» Problem description
Each line of the data below between the one containing "Patrícia Silva dos" and the one containing "Horúca nedeľa na", both included, is to be repeated exactly. Please omit pictures.

··· The data ···

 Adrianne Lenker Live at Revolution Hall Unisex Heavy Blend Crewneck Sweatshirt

···
··· The data ···

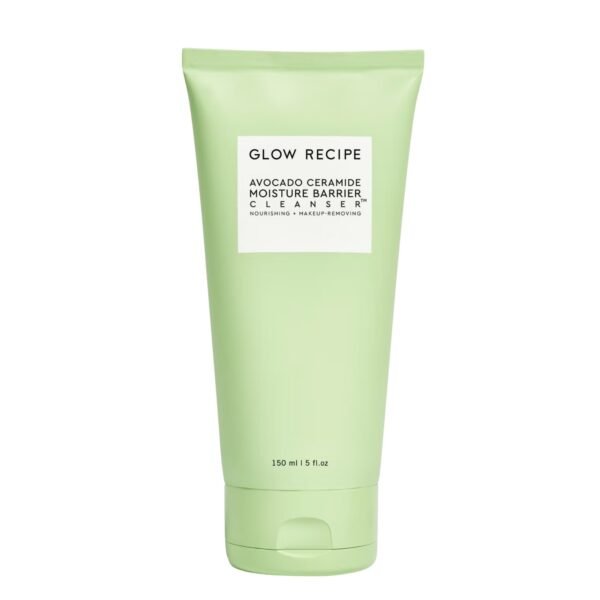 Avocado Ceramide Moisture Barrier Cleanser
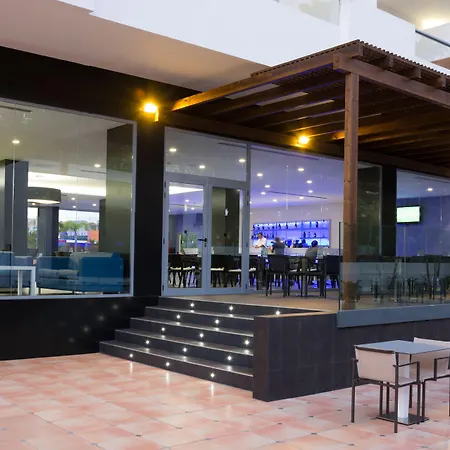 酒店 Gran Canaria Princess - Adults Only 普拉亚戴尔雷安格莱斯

···
··· The data ···

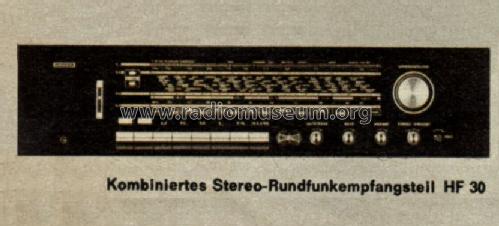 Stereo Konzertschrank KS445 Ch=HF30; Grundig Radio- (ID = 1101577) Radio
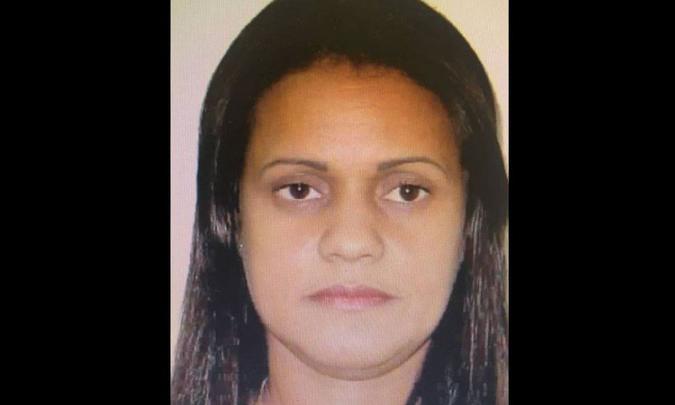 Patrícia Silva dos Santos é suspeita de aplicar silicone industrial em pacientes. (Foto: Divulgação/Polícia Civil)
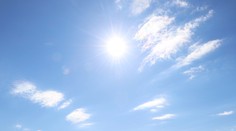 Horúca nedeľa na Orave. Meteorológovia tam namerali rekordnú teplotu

···

» Answer
 Patrícia Silva dos Santos é suspeita de aplicar silicone industrial em pacientes. (Foto: Divulgação/Polícia Civil)
 Horúca nedeľa na Orave. Meteorológovia tam namerali rekordnú teplotu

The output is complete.